-- Problem description --
Exactly the lines from the one containing "Flags of Oman and Iran." through the end of the listing below are required, restated word for word and without pictures.

-- Source data --
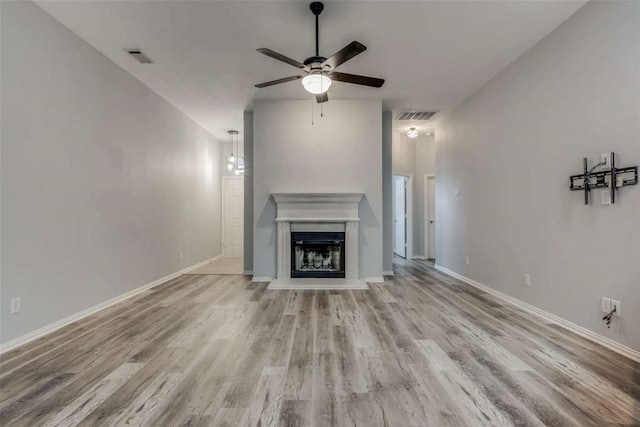 unfurnished living room featuring ceiling fan and light hardwood / wood-style floors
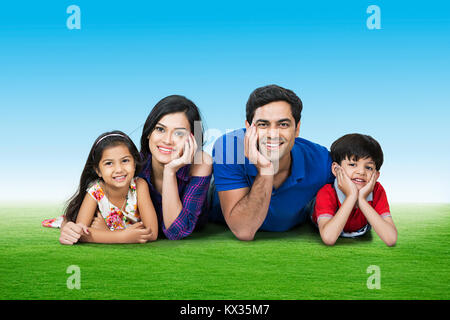 Happy Family Parents And Children Lying Grass Together In Park Stock Photo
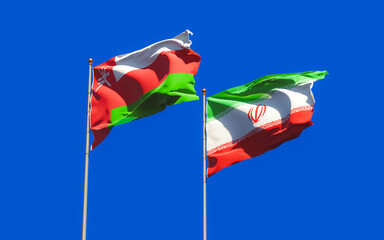 Flags of Oman and Iran.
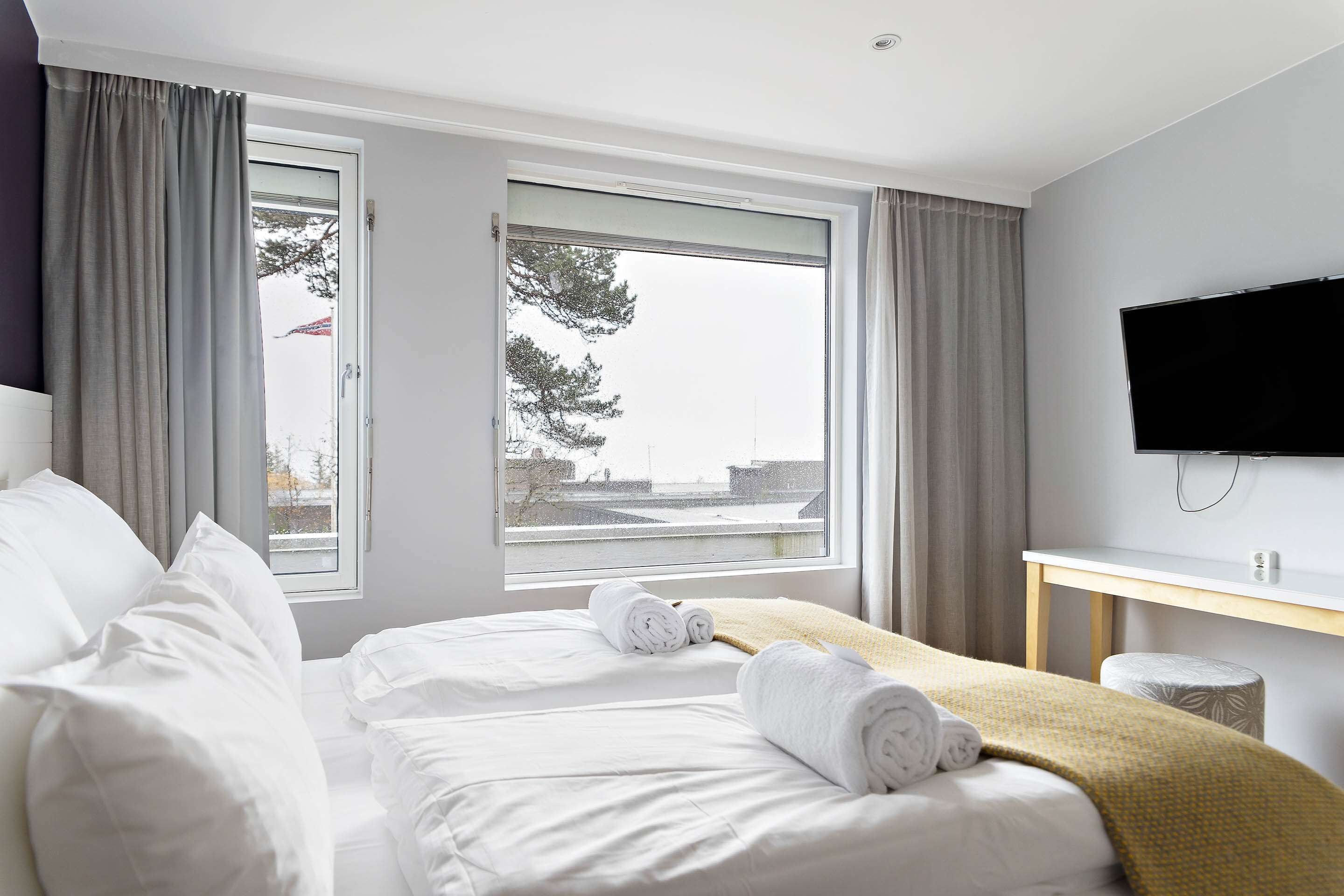 premium bedding, blackout curtains, cots/infant beds, rollaway beds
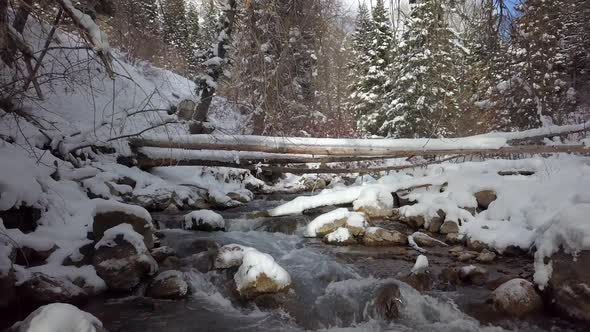 Moving backwards over river in winter landscape viewing upstream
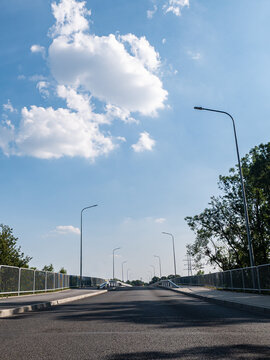 droga idąca przez most osłonięta barierkami i kratką w porze letniej, błękitne niebo, z prawie bezchmurną pogodą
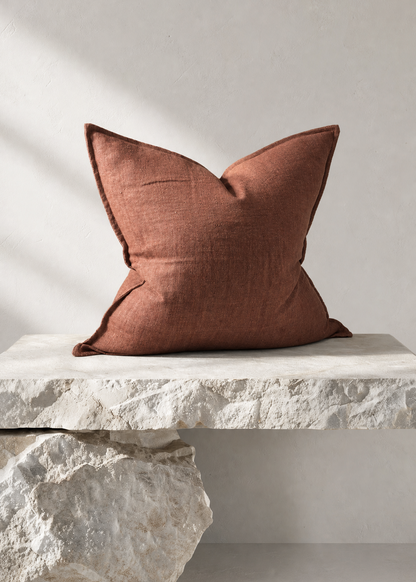 A square terracotta-colored linen throw pillow displayed on a rustic white stone bench against a neutral light gray wall.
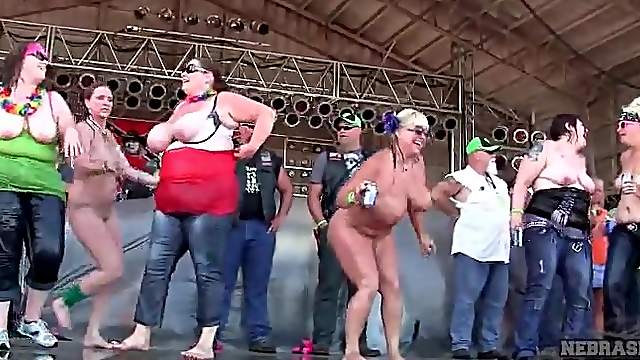 Chubby topless amateurs dancing on concert stage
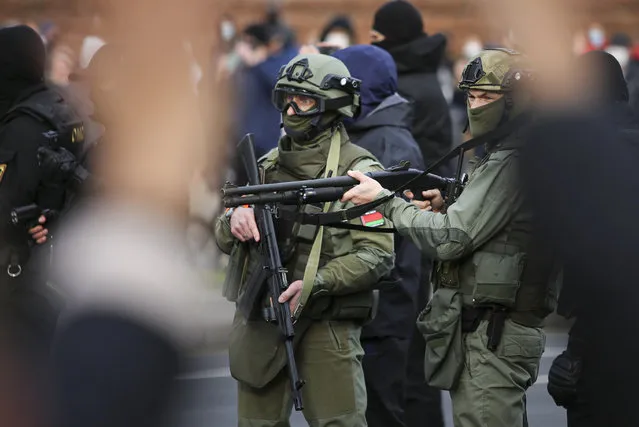 Armed police block demonstrators during an opposition rally to protest the official presidential election results in Minsk, Belarus, Sunday, November 1, 2020. (Photo by AP Photo/Stringer)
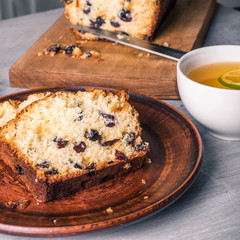 Sliced homemade raisin cake on a clay plate close-up and a cup of tea with lime.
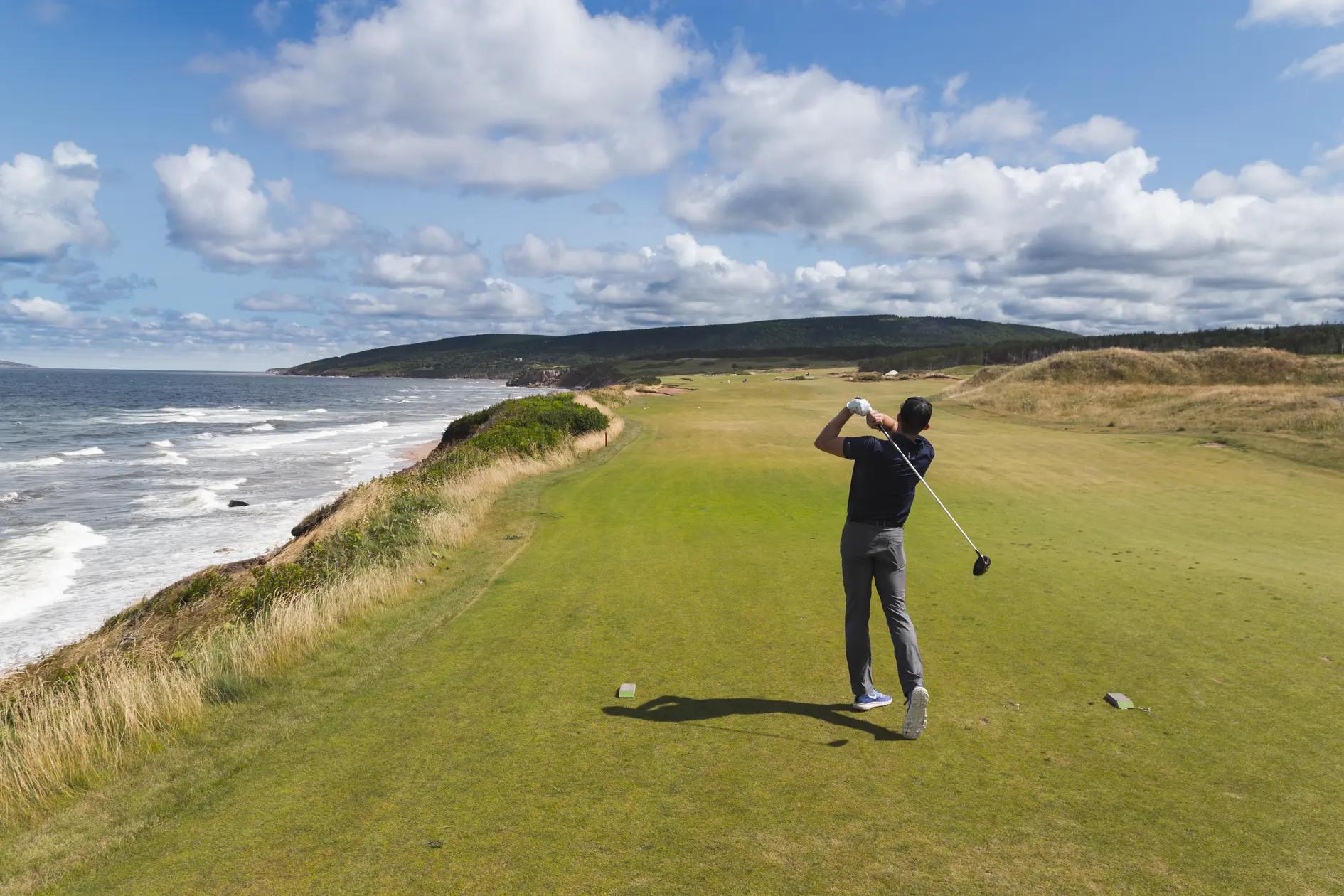 Golfer teeing off at the clifftop Cabot Links course in Inverness, Cape Breton Island, with the Gulf of St. Lawrence below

-- Exercise response --
 Flags of Oman and Iran.
 premium bedding, blackout curtains, cots/infant beds, rollaway beds
 Moving backwards over river in winter landscape viewing upstream
 droga idąca przez most osłonięta barierkami i kratką w porze letniej, błękitne niebo, z prawie bezchmurną pogodą
 A square terracotta-colored linen throw pillow displayed on a rustic white stone bench against a neutral light gray wall.
 Chubby topless amateurs dancing on concert stage
 Armed police block demonstrators during an opposition rally to protest the official presidential election results in Minsk, Belarus, Sunday, November 1, 2020. (Photo by AP Photo/Stringer)
 Sliced homemade raisin cake on a clay plate close-up and a cup of tea with lime.
 Golfer teeing off at the clifftop Cabot Links course in Inverness, Cape Breton Island, with the Gulf of St. Lawrence below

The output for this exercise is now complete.